Received my lights and reflectors, first class service yet again, thanks :2thumb:


----------



## Blake1990 (May 15, 2011)

Recieved my order today, couldnt be more impressed with SPS, best prices, Great comms with regards to delivery, and order recieved within the one hour time slot provided well packaged :2thumb:

Thanks SPS i will be making another order with you very soon : victory:


----------



## petman99 (Aug 22, 2010)

Thanks Guys
We are always looking at more ways to improve our service and website features to thye customer.


----------



## scottology (Aug 8, 2008)

Hi Mark,

Just noticed this thread while browsing and thought I'd ask a question here.

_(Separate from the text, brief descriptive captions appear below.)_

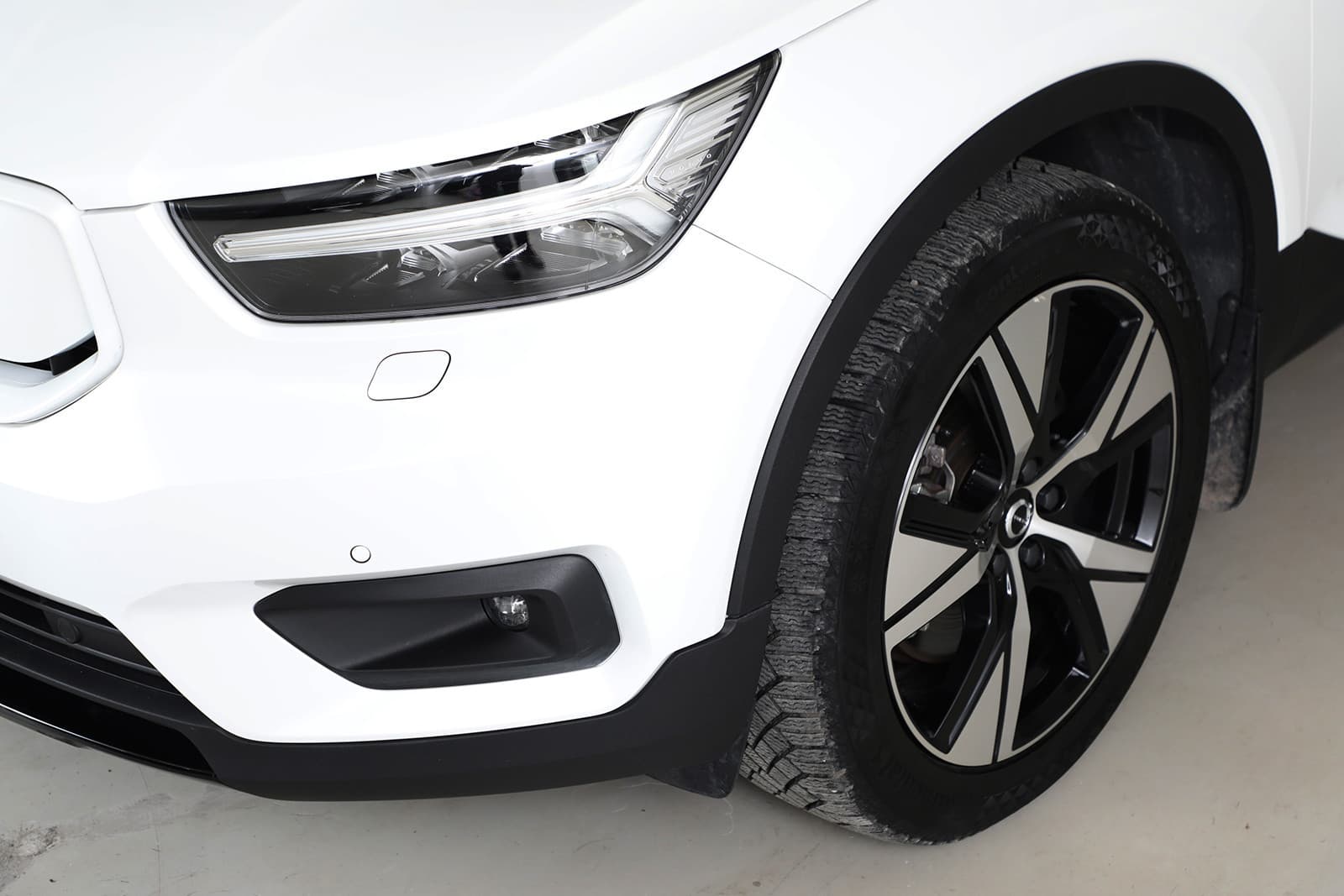 Car Image 12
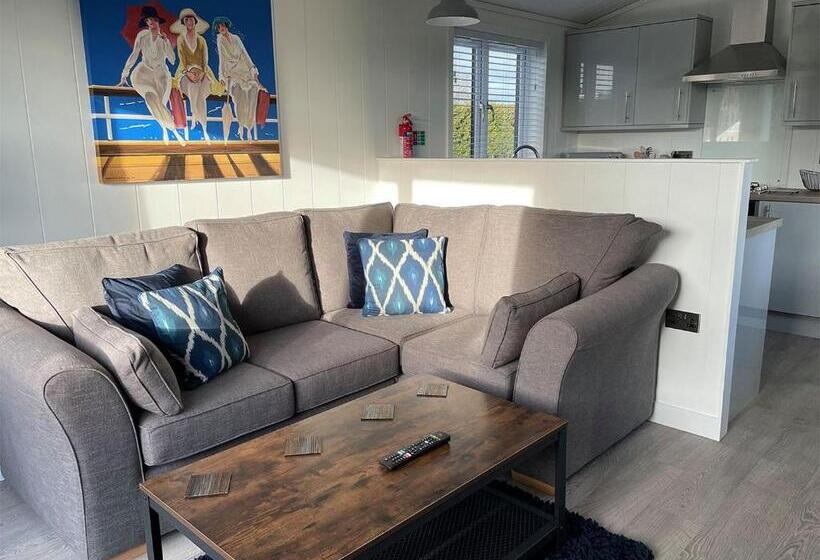 Дом 1 Спальня, Hollybrook Lodges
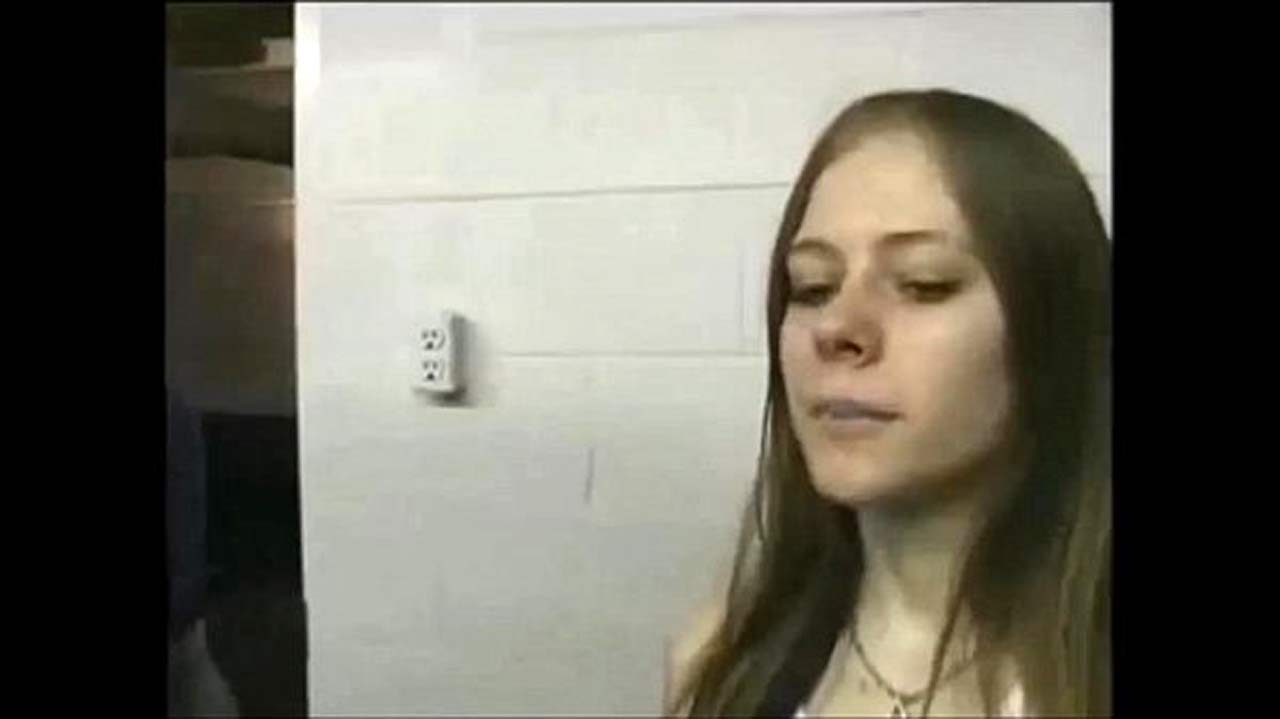 Avril Lavigne - Avril Lavigne Porn Video - Sex Tape LEAKED From Her Home !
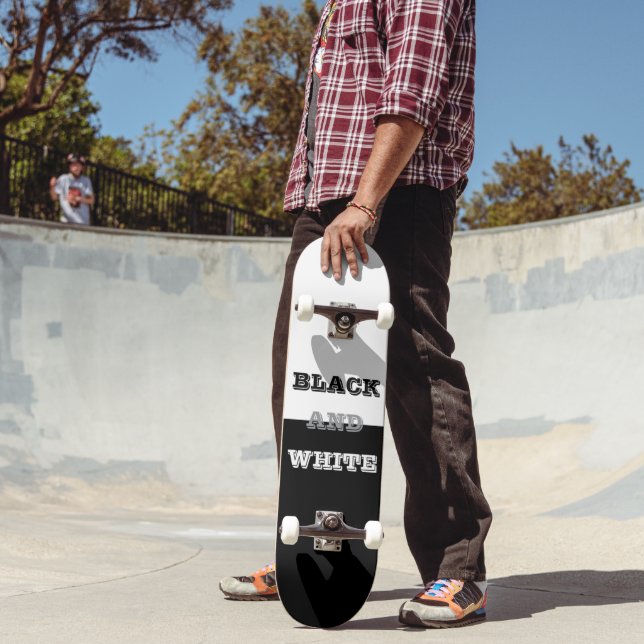 Schwarz-Weiß-Text und solide Farbgestaltung Skateboard (Außenbereich 2)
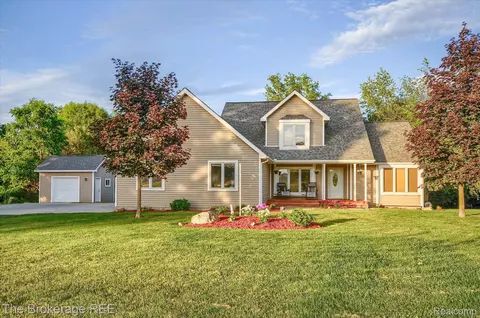 8535 Ridge Rd, Goodrich, MI 48438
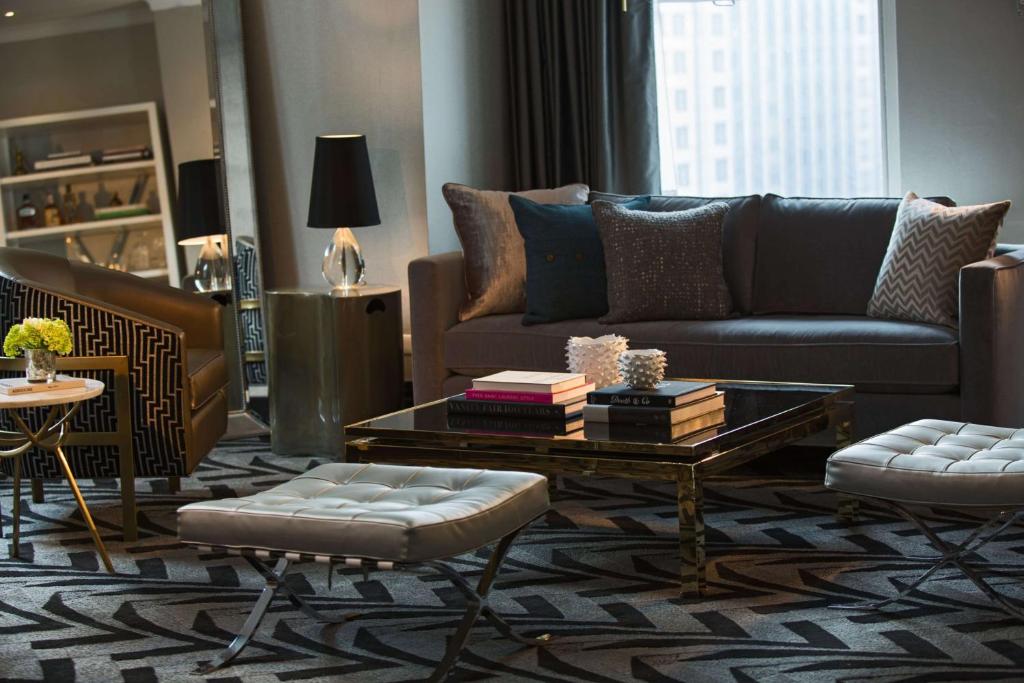 The Allegro Royal Sonesta Hotel Chicago Loop - 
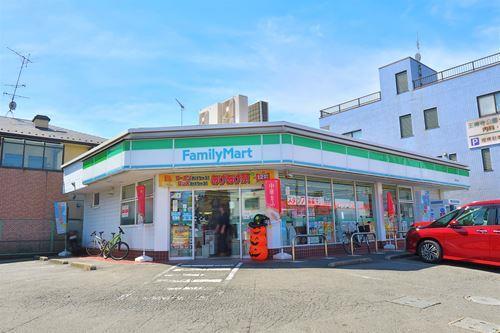 ファミリーマート王禅寺西店まで230ｍ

Basically I'm looking at ordering a brand new vivexotic vx36 at in the next week or so with all the kit I need to get it up and running. i.e. heatmat, stat, double thermometer, compact UV, night LEDs and general decor (hides, branches, plants etc)

However, your site says you dont deliver the viv's, which means I'm currently looking at using you guys for the bits I need and another supplier for the actual vivarium, which is a bit of an inconvenience (being around to take in 2 deliveries).

So I suppose the question is why are you unable to deliver the actual vivarium? Is it down to weight, as personally I'd be happy to pay extra to cover any additional cost.

Is this something you could look at changing in the future?

Thanks


----------



## Lutra Garouille (Sep 22, 2011)

I placed an order last night and this morning was worried i had made a mistake. I messaged petman99 and he has already sorted things for me! :2thumb:

Now thats what i call service! 

Now just to wait for it to arrive :mf_dribble:


----------